Figure 1.

Generation of inducible TbSpl-knockout cells. (a) Partial sequence alignment of T. brucei, L. major and H. sapiens sphingosine-1-phosphate lyase sequences. Conserved amino acids are shown in red, the boxed lysine residues show the conserved catalytic site. (b) Strategy to generate conditional knockout parasites. First, the ORF of TbSpl from one allele was replaced with a blasticidin (BLAST) resistance gene (1). After antibiotic selection and PCR confirmation of correct replacement, a tetracycline-inducible c-myc-tagged ectopic copy of TbSpl was inserted into the genome (2), then the second allele of TbSpl was replaced with a phleomycin (PHLEO) resistance gene (3). (c) Immunoblot analysis of whole cell lysates from parental cells and TbSpl KO parasites expressing TbSpl-cMyc. eEF1A was used as a loading control. (d) Immunoblot analysis of whole cell lysates.

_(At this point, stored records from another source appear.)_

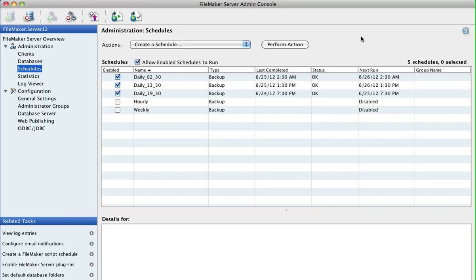There's lots more information on setting up FileMaker Server in the FileMaker Server admin PDF guide that will be installed in the FileMaker Server folder on your server.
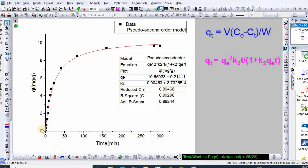How to fit this pseudo-second-order model in nonlinear form I have explained in my previous video. From this model fitting we see that the equilibrium adsorption capacity qe is 10.55.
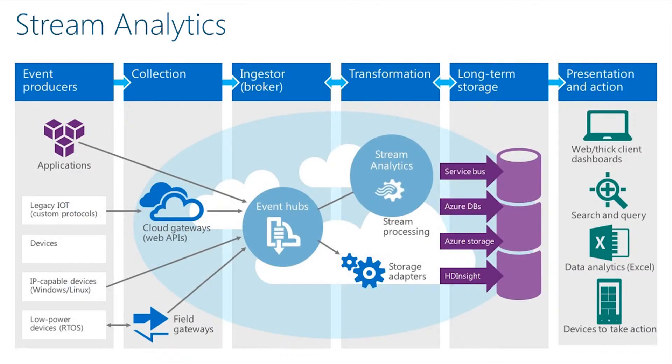Stream Analytics is an event processing engine that offers both hot-path real-time insights and cold-path historical analysis of data from devices, infrastructure, and applications.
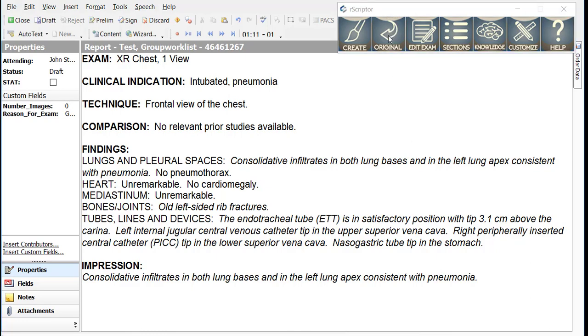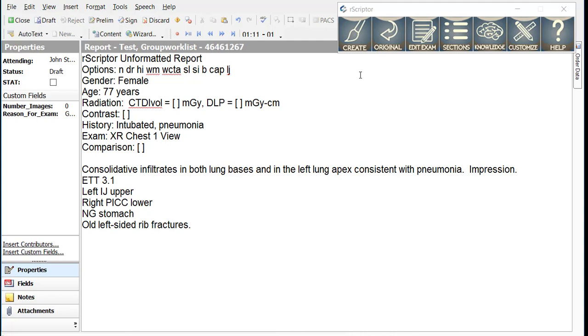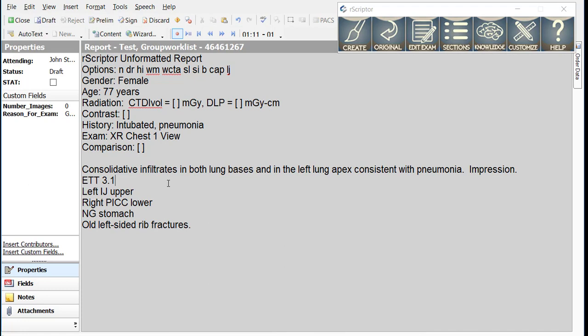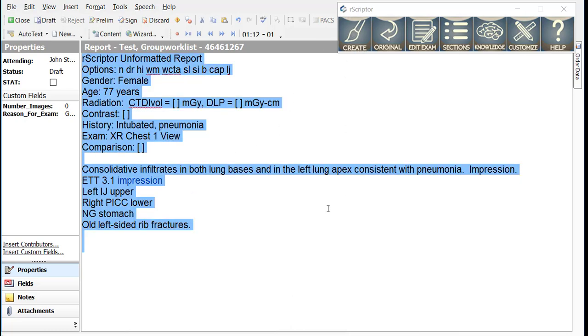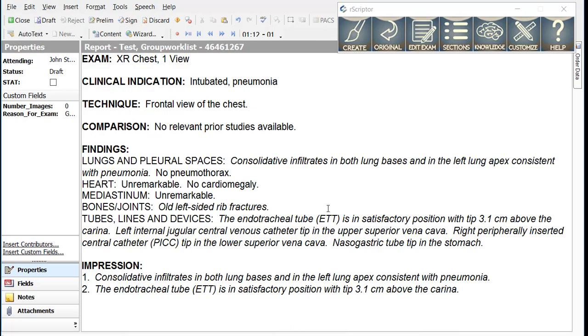If we go back to the original report and say this patient was just intubated and they want to know the location of the ETT, in that case I would add this finding into the impression by simply adding impression. As before, with smart macros, we do not want to add punctuation. So we would simply say impression, which would copy the ETT location into the impression.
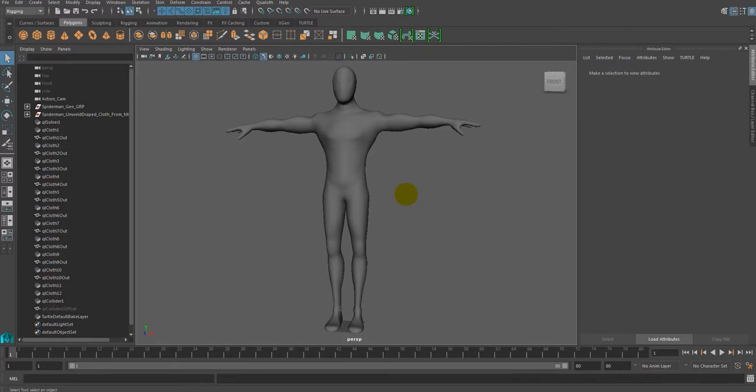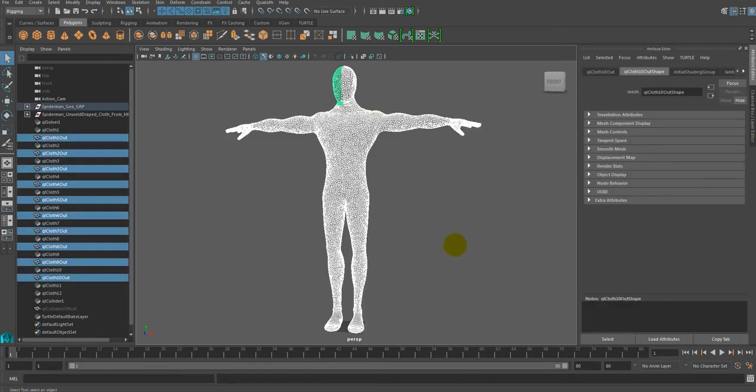Weld Proximate Vertices is a command that connects all coinciding cloth mesh vertices into a spring.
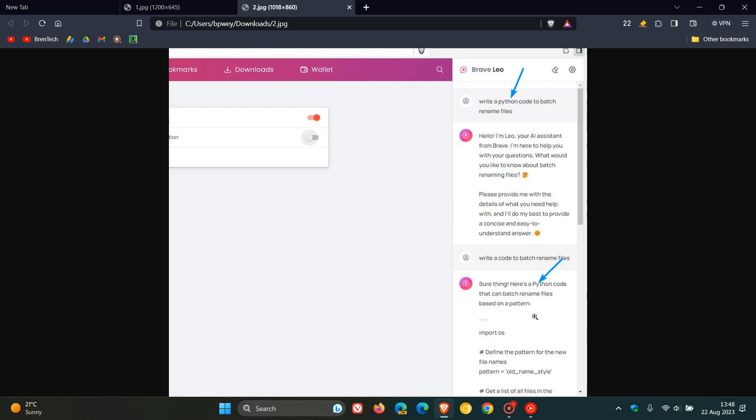And you will also be able to summarize, as an example, your web pages and stuff like that. So it's going to be very similar to BARD and the other chatbots like Microsoft Bing. And currently being tested in the nightly version 1.59 or later.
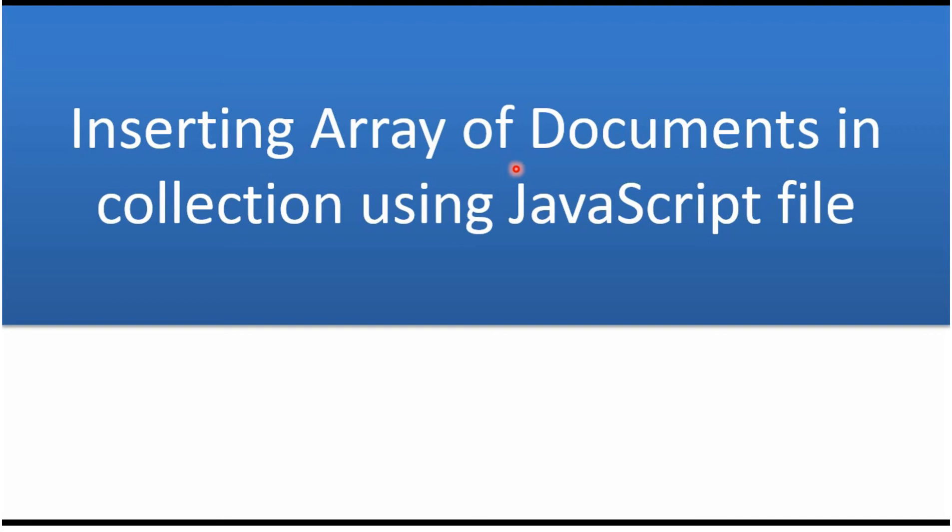This video tutorial will explain how to insert an array of documents in a collection using a JavaScript file.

Cells were cultured in the presence (+) or absence (−) of tetracycline for 2, 4 or 6 days and proteins detected by Western blotting. The positions of TbSpl-cMyc and eEF1A are indicated. (e) Growth of conditional TbSpl KO cells cultured in the presence (•) or absence (o) of tetracycline. (f) Relative quantification of cellular S1P levels from TbSpl KO cells cultured in presence (+) or absence (−) of TbSpl expression for 8 days. Levels of C18-S1P and C18-dhS1P (dihydrosphingosine-1-phosphate) were quantified. Individual data points (+/−SD) of fold increases of three independent determinations are shown.